# Homebrew talkback on ABC



## taztiger (14/2/15)

G'day folks
I just heard on the radio that they are doing homebrew talkback this morning on tha ABC between 10-11. I didn't catch who is doing it with Chris Wiseby but it might be worth a listen.
Cheers


----------



## michaeld16 (14/2/15)

Well i enjoyed it would like it to be a more regular thing


----------



## HBHB (14/2/15)

michaeld16 said:


> Well i enjoyed it would like it to be a more regular thing


Write a letter to the ABC then.


----------



## michaeld16 (14/2/15)

I am going to do that hope others will also


----------



## taztiger (16/2/15)

Sent an email into the ABC weekends show and got this reply from Dave.

Hi Shane,

Thanks for your feedback, it's certainly something I enjoy doing, always good to share any info I may have.

Chris has me booked for 4 sessions over the rest of the year, if you like us on facebook the page should keep you abreast of when these dates rae, so please do share this with your fellow local brewers!

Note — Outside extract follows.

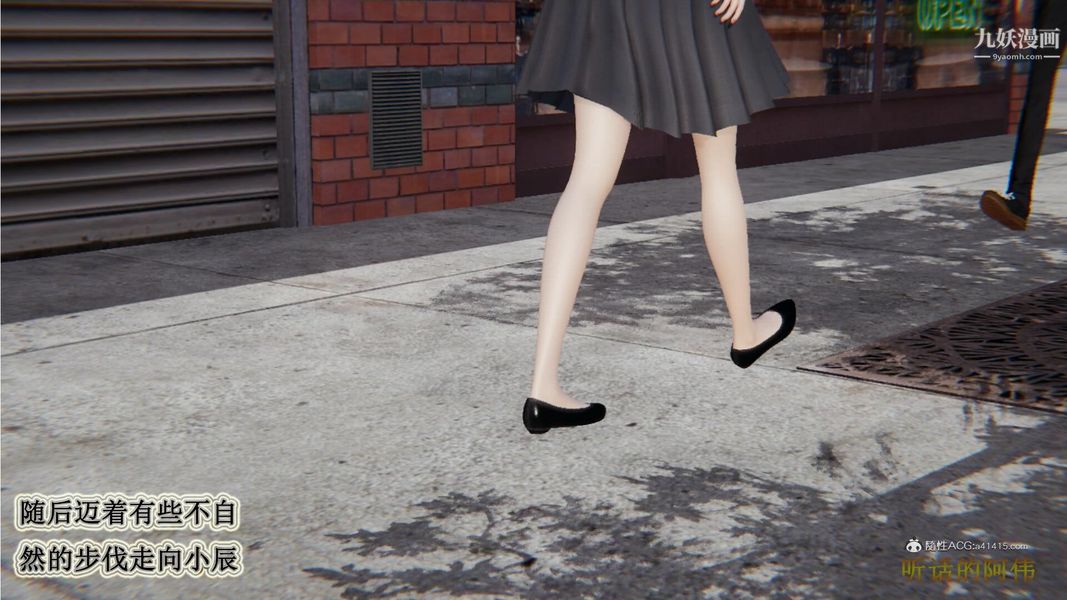 妈妈的奇异子系统[3D]第08话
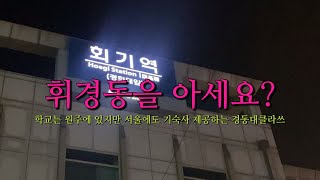 [KDU 스마트 홍보단] 휘경동을 아세요?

www.facebook.com/devilsbrewerytasmania


Cheers
Dave


----------



## taztiger (13/6/15)

Talkback on again today at 10.00.


----------



## gezzanet (13/6/15)

Which station on abc?


----------



## michaeld16 (14/6/15)

Damn it missed this one and seems to take ages for them to update the podcasts


----------



## taztiger (14/8/15)

Talkback on again Saturday 10.00am on ABC 936 Hobart. Jump on the net or use their app if not in Tassie. We need to give them some calls to keep them interested!


----------



## taztiger (17/12/15)

taztiger said:


> Talkback on again Saturday 10.00am on ABC 936 Hobart. Jump on the net or use their app if not in Tassie. We need to give them some calls to keep them interested!



On again this Saturday 19th December.


----------



## michaeld16 (17/12/15)

Thanks for the heads up


----------



## taztiger (26/11/16)

Talkback on again today from 10. Dave Tottle from Devils Brewery is the guest.


----------



## michaeld16 (27/11/16)

bugger it missed this one.


----------